Our contention behind “residual seasonality” has always been that there is no residual but to some extent an understandable and easily explainable seasonal issue. Each Q1 appears to be unusually weak because, well, it is unusually weak. The reason is simply Christmas. Americans splurge for the holiday and then spend the first several months of the following year to some degree regretting it.
It’s all the worst given that the splurge part has since 2011 been stretching the word to a significant extent. It pertains only to the degree which consumers spend with respect to their individual budgets, these constraints that are tied to non-existent income growth.
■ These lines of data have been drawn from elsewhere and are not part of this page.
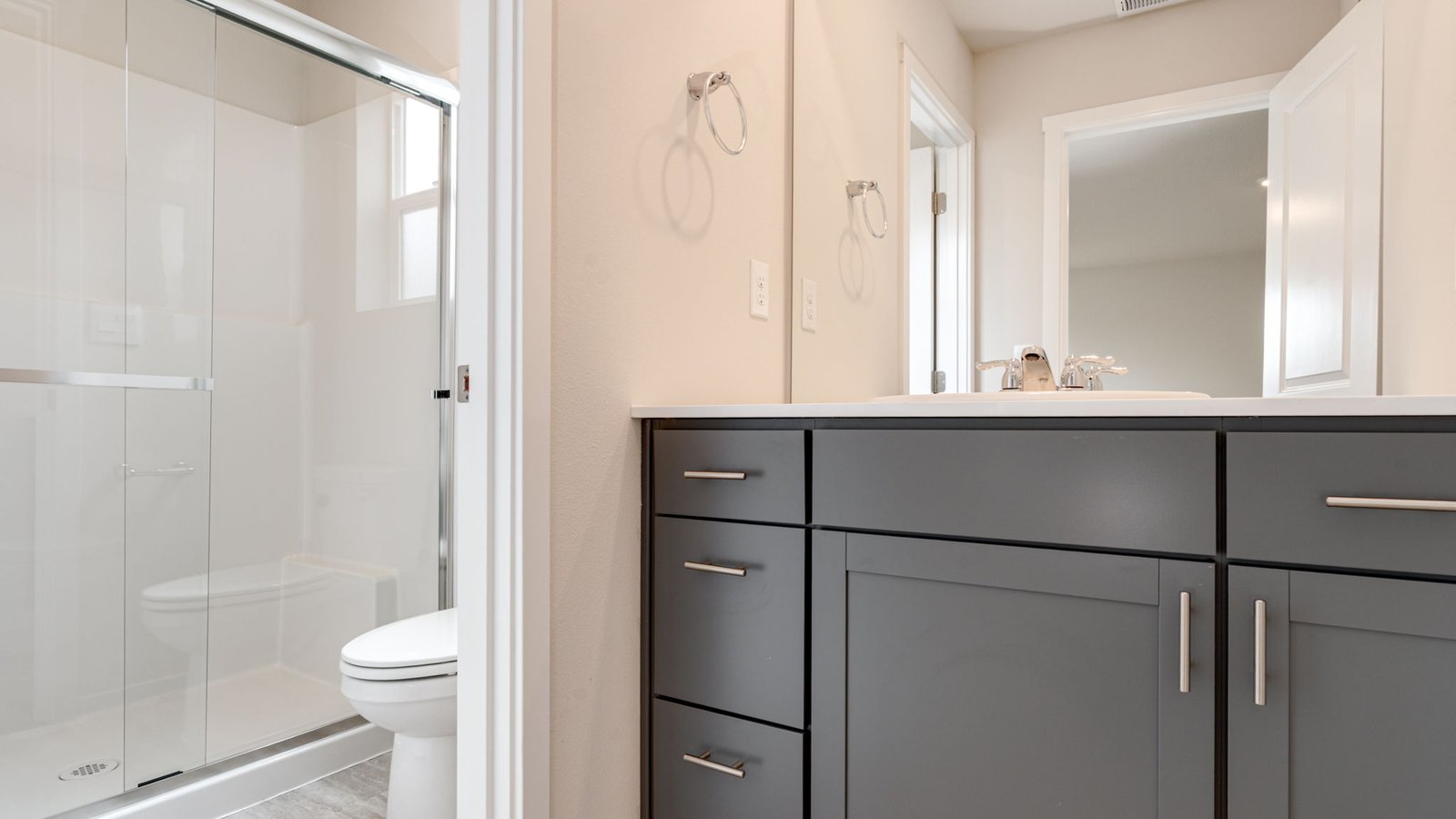 Primary bathroom with quartz counters and a walk-in shower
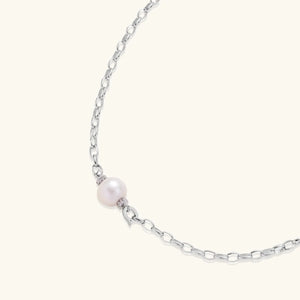 Silver chain necklace with a single pearl on a white background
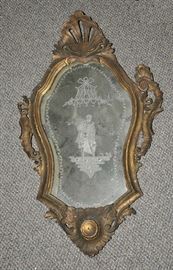 Early carved and gilt European wall mirror with a unique etched mirrored glass 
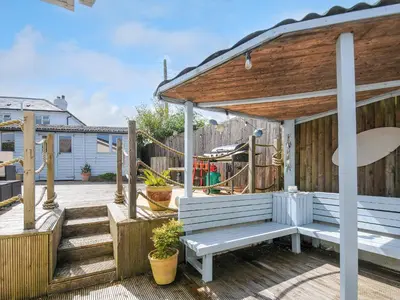 a wooden gazebo with a bench on a deck at Coastal Haven in Bude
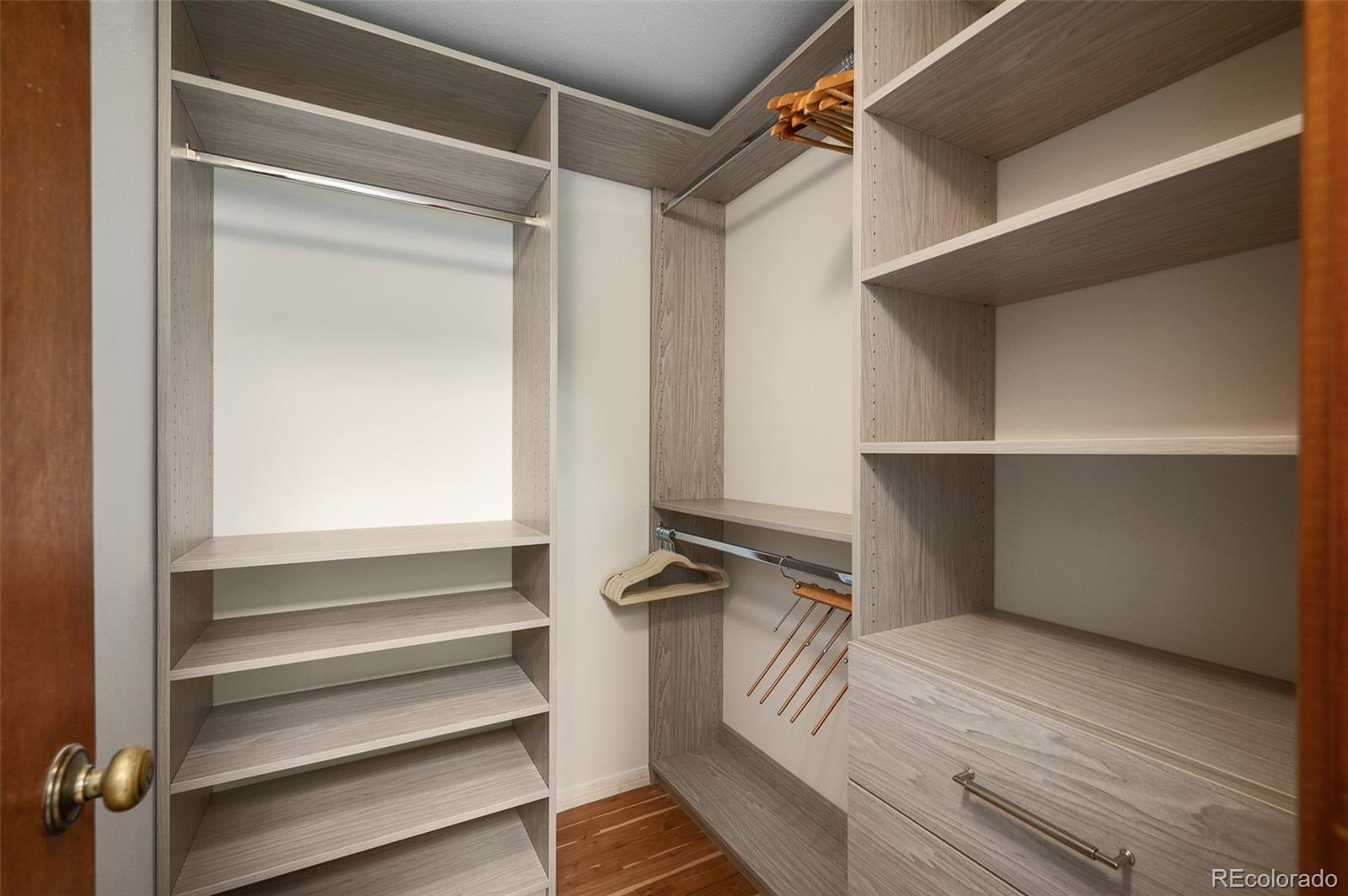 7412 Berkeley Court Castle Pines, CO 80108 - Photo 19 of 37 a view of walk in closet with empty racks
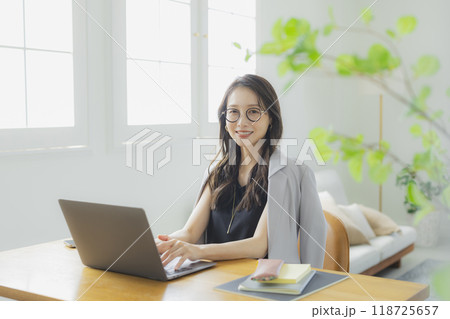 リビングでテレワークをする若い女性 リビングでテレワークをする若い女性 118725657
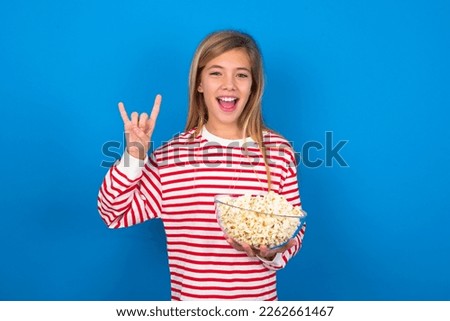 caucasian teen girl wearing striped t-shirt eating popcorn over blue wall doing a rock gesture and smiling to the camera. Ready to go to her favorite band concert. Royalty-Free Stock Photo #2262661467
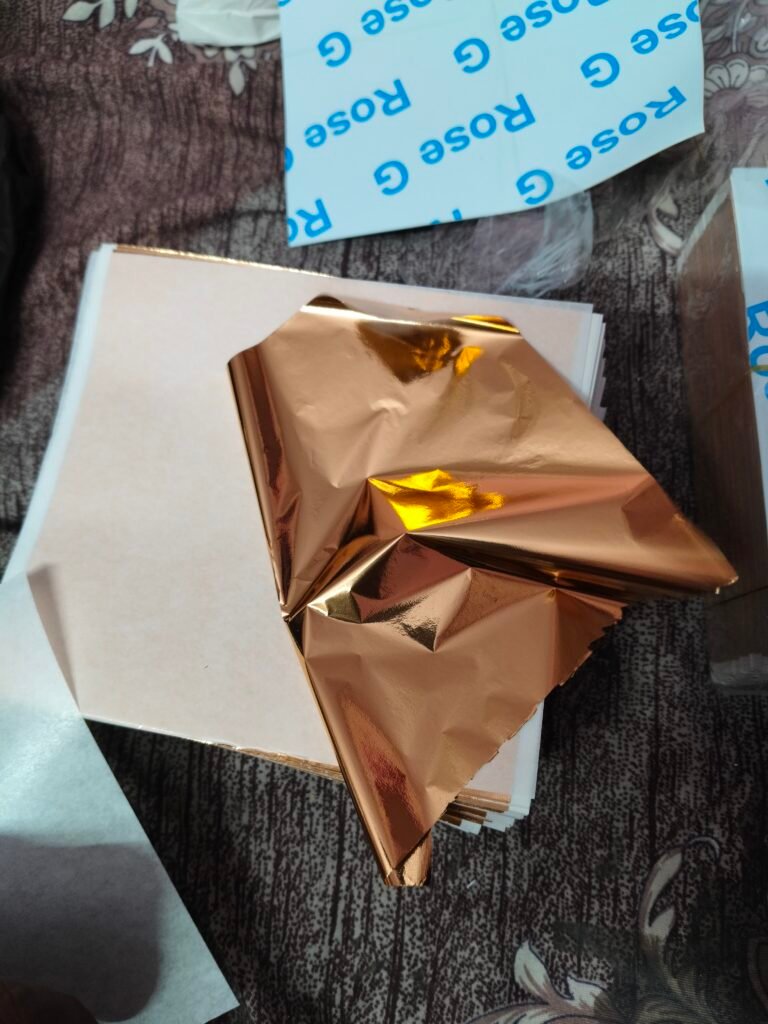 rose gold foil sheets booklet khula hua - tissue paper ke beech sheets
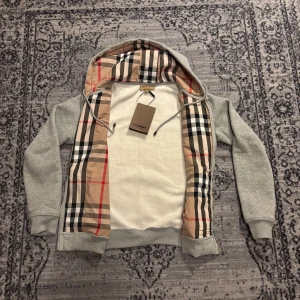 Grå huvud tröja  - Grå hoodie från Burberry med dragkedja, huva och snörning. Insidan av huvan och öppningen har det ikoniska rutmönstret i beige, svart, vitt och rött. Broderad Burberry-logga på bröstet. Mjuk bomullskvalitet och känguruficka framtill.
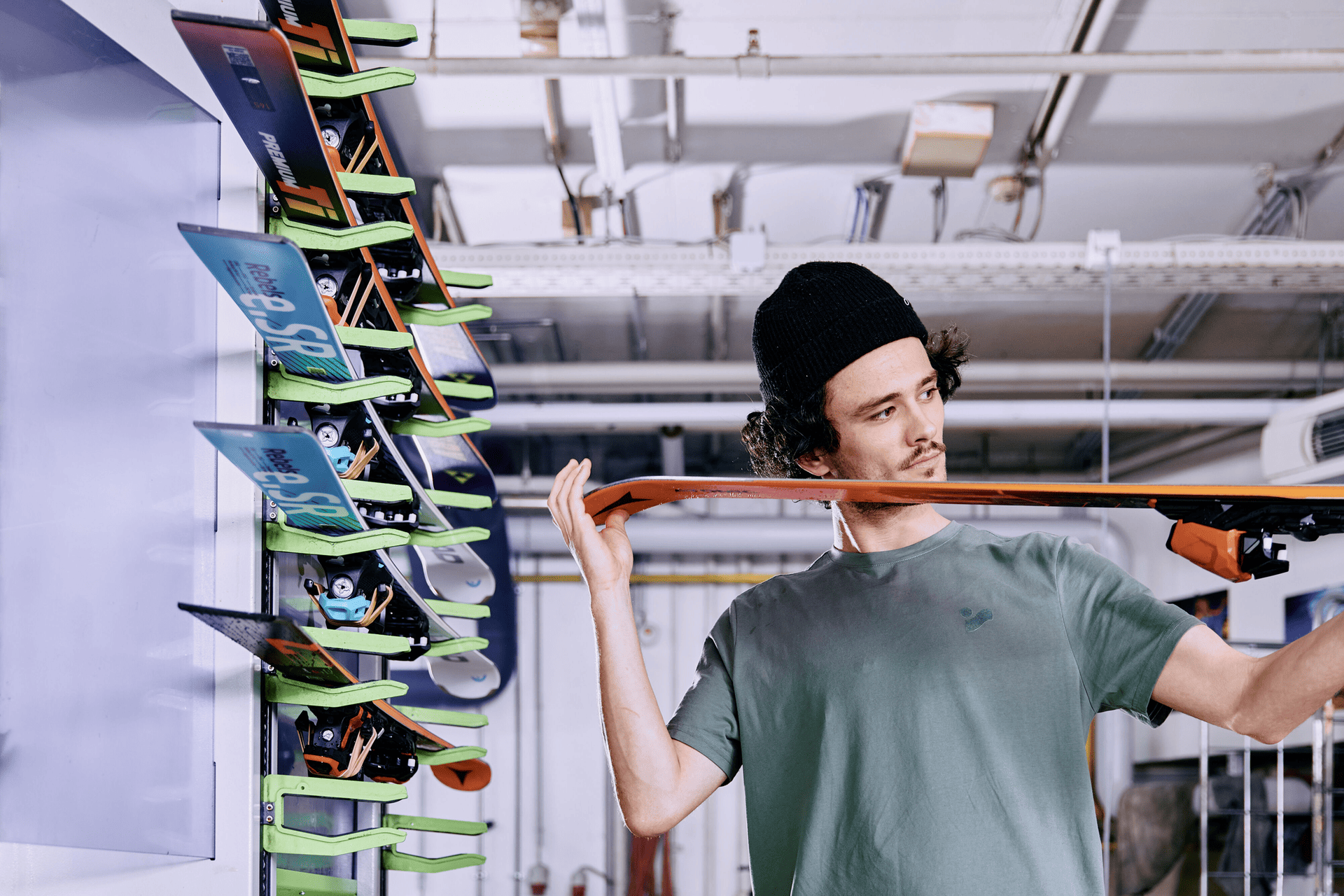 A young man in a beanie inspects a ski, holding it up horizontally. Behind him, a rack displays several colorful skis. The setting is industrial.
That’s what makes the backlash each Q1 so frustratingly weak.
The influence and appeal of revolving credit in this process is a relative latecomer. Starting in the middle of 2015, aggregate reported revolving credit balances began to rise just in time for that Christmas. A data discontinuity in December 2015 renders any analysis along these lines for that particular year moot.
There was in November 2016, however, a large increase in revolving balances, followed by a smaller one the following month. Starting in January 2017, however, revolving credit balances plummeted, and for a second month last February, therefore suggesting that our arguments for residual seasonality may have held for the very weak Q1 last year.
As noted over the past several months, the Federal Reserve reported massive increases in revolving credit for both November and December 2017 – just in time for last year’s holiday shopping period. Given that income growth has been continuously weak since the 2015-16 downturn, those historically large increases would appear to have been in response to lack of wage gains and income growth in still keeping with the intent to splurge as much as possible for Christmas – and the inability to do so on earned income alone.
The Fed’s consumer credit update yesterday shows us what we have expected, namely that in January revolving credit balances have declined by a huge amount. Similar to January 2017, the apparent drawdown in revolving credit fits with economic weakness recorded in PCE estimates, retail sales, as well as, importantly, the overall the Personal Savings Rate.